而身体哲学关注的不是“形而上”的境界论,它所考量的是“形而下”的肉体,用这种新的方法论来重新来思考孔颜为何而乐便具有了新的视域和感受。“对于身体的建构起着关键性的作用的是智慧性的话语。它是身体的大脑和心灵,因此它对于身体的活动具有指引性”,同时“身体的欲望的话语是最自然的、日常的和普遍的话语形态”, [10] 身体本能的会产生七情六欲,所以身体有天然的对“乐”的欲望,大脑和心灵对人具有指引性的作用,指明个体追求和感受快乐的方向和范围。“乐”作为个体的状态,它既是一种意识,同时也是大脑的产物,那么它自然也是身体的产物,没有身体就没有“乐”。意识在胡塞尔的哲学中有两种意思,第一是“作为自我之现象学组成的意识”,第二种是“作为内感知的意识” [11]。在倪梁康先生看来前者指的是意向体验或体验,包含意向活动、感觉材料、意向相关物,后者所指的是内意识或者是自身意识,是对于自身一想活动或意向经验的意识, [11] 尽管胡塞尔他强调非心理主义,但是他所考察的意识仍是我们通常意义上所说的意识,只是在意识的意向性等概念上显出和心理主义的区别。所以在此“我们必须明确的是意识必然是大脑机能的产物,同时必须通过综合人体各种感觉(视觉、听觉、味觉、嗅觉、触觉等)形成知觉才能得以形成”,“胡塞尔用意向性来进行现象学还原,梅洛–庞蒂则用知觉,或者说知觉意向性,即是此在身体对于世界的知觉,让意识和世界始终停留在现场中” [12]。那么“乐”这种状态的产生必然离不开个体的肉身,它一定是需要身体在场。
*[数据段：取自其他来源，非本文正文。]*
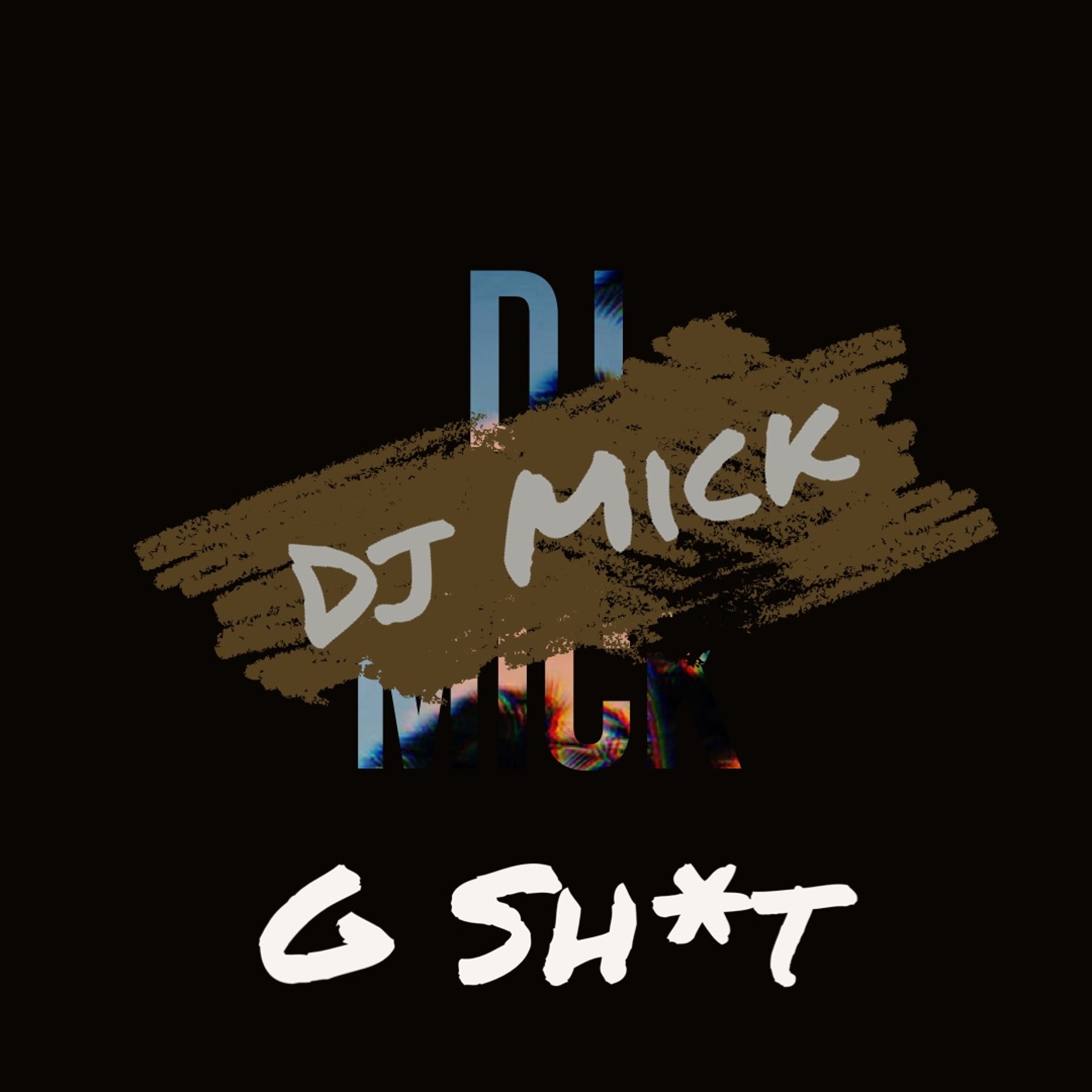 Dj Mick | G Sh*t | June podcast | Bhangra episode artwork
“一箪食,一瓢饮”、“饭疏食饮水,曲肱而枕之”等等就其实质来说都是日常生活中个体的行为活动,这意味着这些行为都是日常、具体且直观的,它不是“我思”那样的抽象存在。如果说我们吃饭、饮水、睡觉是一种“肉体实践”,那么,“乐”的感受则是基于这种“肉体实践”并与之相融的“肉体本质感受”。孔子与颜回无论在精神上受到何种满足如果要有快乐就不能缺少身体的在场。“乐”这种状态或者说活动,它是对身体行为的一种反应,因此“乐”这种状态可以直接把握到身体,也就是把握到个体自身行为的那种鲜活的质感,而“乐”这种状态也在身体活动过程中被更加真实的加以呈现。“乐”这种状态是来源于“原本给予性的”,它是生动的、原本的被自身给予出来。它是因为身体把握到世间的万物,即现实生活本身,而不是从生活中抽离出来的某样东西。所以,孔颜感受到的不是“道”或者别的什么概念或范畴,而是在身体活动过程中达到这种状态。“乐”的状态是一种“身体感受”,而大脑和心灵作为身体的构成部分,是故,孔颜能够感受到快乐是因为他们身体的在场。
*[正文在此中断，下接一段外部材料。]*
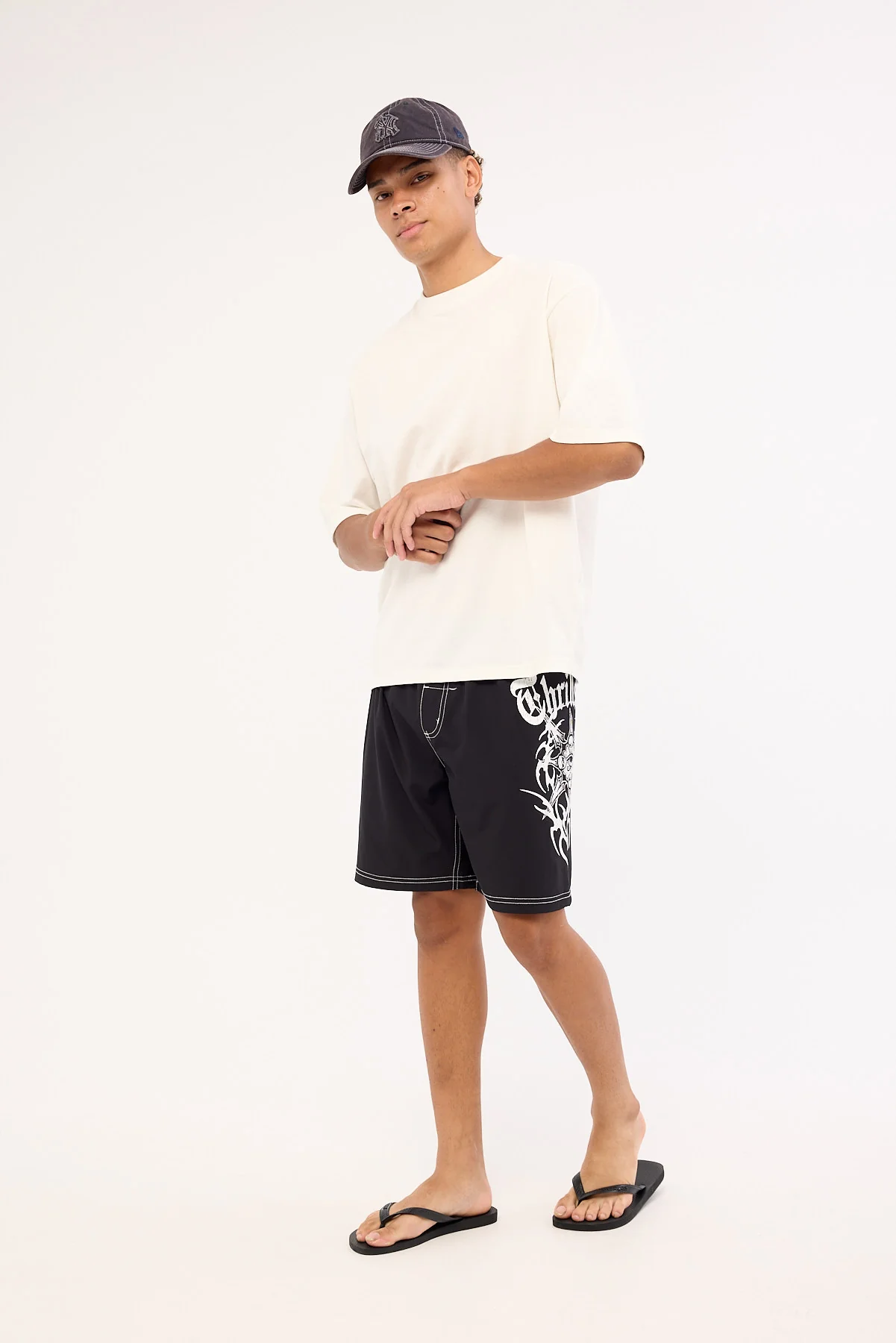 Thrills Misfortune Volley Black - Image 4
进一步的“孔颜之乐”所说的“乐”它是过程性的结果,即纵然有身体在场人也不会有无缘无故的快乐。对于此孟子说“万物皆备于我矣。反身而成,乐莫大焉。强恕而行求仁莫近焉”,意思是在我身上具备世间万物,反躬自省,诚实无欺,没有比这更大的快乐了,个人尽力按照恕道去做事,便是在实现“仁”了。颜回“饭疏食饮水”,是他在切身体验事物,并在体验之时体内的大脑和心灵同时在发生作用,指引着他的欲望走在真理的道路上,给欲望划定界限,对世事不强求、不失落。所有的一切都是颜回在体验是颜回在感受,所以当他“反身而成”时,便有“乐莫大焉”。这种个体所得到的快乐无疑是最为强大的,因为任何一种描述都无法与个人身在其中相比,求“道”是个人在求,乐知天命也是个人身体在践行。而在这种践行过程中,他们的身体早已在发挥作用。所以在追问孔子与颜回为什么会感受到快乐的时候,不能只停留在强调他们的精神和心灵,也必须思考身体存在所具有的意义,重视他们身体的在场。